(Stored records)
________

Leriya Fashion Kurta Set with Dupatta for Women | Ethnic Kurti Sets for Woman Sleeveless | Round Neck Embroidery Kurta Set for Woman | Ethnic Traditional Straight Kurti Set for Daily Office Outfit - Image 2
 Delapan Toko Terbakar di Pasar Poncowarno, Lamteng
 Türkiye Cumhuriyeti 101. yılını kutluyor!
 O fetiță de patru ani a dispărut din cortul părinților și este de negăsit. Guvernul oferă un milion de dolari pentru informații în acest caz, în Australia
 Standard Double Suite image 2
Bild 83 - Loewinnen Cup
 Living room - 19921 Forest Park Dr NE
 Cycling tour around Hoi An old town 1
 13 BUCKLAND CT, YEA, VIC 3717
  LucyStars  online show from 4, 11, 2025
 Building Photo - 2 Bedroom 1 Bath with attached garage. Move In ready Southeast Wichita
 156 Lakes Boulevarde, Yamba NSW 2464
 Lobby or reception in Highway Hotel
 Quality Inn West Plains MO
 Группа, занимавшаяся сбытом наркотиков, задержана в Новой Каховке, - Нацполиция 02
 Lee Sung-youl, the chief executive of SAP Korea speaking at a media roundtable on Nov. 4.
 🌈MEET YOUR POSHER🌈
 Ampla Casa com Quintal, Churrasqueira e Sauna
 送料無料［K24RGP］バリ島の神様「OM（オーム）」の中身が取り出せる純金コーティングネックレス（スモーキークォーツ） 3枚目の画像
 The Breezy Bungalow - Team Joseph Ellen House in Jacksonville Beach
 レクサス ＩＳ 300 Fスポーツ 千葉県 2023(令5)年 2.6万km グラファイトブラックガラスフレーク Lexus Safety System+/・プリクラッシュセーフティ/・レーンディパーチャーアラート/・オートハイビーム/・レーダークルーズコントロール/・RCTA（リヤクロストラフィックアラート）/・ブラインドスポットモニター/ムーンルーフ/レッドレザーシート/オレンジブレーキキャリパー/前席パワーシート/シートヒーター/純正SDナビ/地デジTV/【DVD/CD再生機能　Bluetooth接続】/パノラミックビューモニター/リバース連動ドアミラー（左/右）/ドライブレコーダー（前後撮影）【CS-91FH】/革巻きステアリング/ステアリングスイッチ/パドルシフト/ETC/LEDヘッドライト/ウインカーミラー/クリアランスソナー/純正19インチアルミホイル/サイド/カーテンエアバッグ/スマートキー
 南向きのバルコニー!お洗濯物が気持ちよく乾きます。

________

TRY IT :: So that no detail is lost, give every line of the data again exactly.

EXPECTED ANSWER ::
Leriya Fashion Kurta Set with Dupatta for Women | Ethnic Kurti Sets for Woman Sleeveless | Round Neck Embroidery Kurta Set for Woman | Ethnic Traditional Straight Kurti Set for Daily Office Outfit - Image 2
 Delapan Toko Terbakar di Pasar Poncowarno, Lamteng
 Türkiye Cumhuriyeti 101. yılını kutluyor!
 O fetiță de patru ani a dispărut din cortul părinților și este de negăsit. Guvernul oferă un milion de dolari pentru informații în acest caz, în Australia
 Standard Double Suite image 2
Bild 83 - Loewinnen Cup
 Living room - 19921 Forest Park Dr NE
 Cycling tour around Hoi An old town 1
 13 BUCKLAND CT, YEA, VIC 3717
  LucyStars  online show from 4, 11, 2025
 Building Photo - 2 Bedroom 1 Bath with attached garage. Move In ready Southeast Wichita
 156 Lakes Boulevarde, Yamba NSW 2464
 Lobby or reception in Highway Hotel
 Quality Inn West Plains MO
 Группа, занимавшаяся сбытом наркотиков, задержана в Новой Каховке, - Нацполиция 02
 Lee Sung-youl, the chief executive of SAP Korea speaking at a media roundtable on Nov. 4.
 🌈MEET YOUR POSHER🌈
 Ampla Casa com Quintal, Churrasqueira e Sauna
 送料無料［K24RGP］バリ島の神様「OM（オーム）」の中身が取り出せる純金コーティングネックレス（スモーキークォーツ） 3枚目の画像
 The Breezy Bungalow - Team Joseph Ellen House in Jacksonville Beach
 レクサス ＩＳ 300 Fスポーツ 千葉県 2023(令5)年 2.6万km グラファイトブラックガラスフレーク Lexus Safety System+/・プリクラッシュセーフティ/・レーンディパーチャーアラート/・オートハイビーム/・レーダークルーズコントロール/・RCTA（リヤクロストラフィックアラート）/・ブラインドスポットモニター/ムーンルーフ/レッドレザーシート/オレンジブレーキキャリパー/前席パワーシート/シートヒーター/純正SDナビ/地デジTV/【DVD/CD再生機能　Bluetooth接続】/パノラミックビューモニター/リバース連動ドアミラー（左/右）/ドライブレコーダー（前後撮影）【CS-91FH】/革巻きステアリング/ステアリングスイッチ/パドルシフト/ETC/LEDヘッドライト/ウインカーミラー/クリアランスソナー/純正19インチアルミホイル/サイド/カーテンエアバッグ/スマートキー
 南向きのバルコニー!お洗濯物が気持ちよく乾きます。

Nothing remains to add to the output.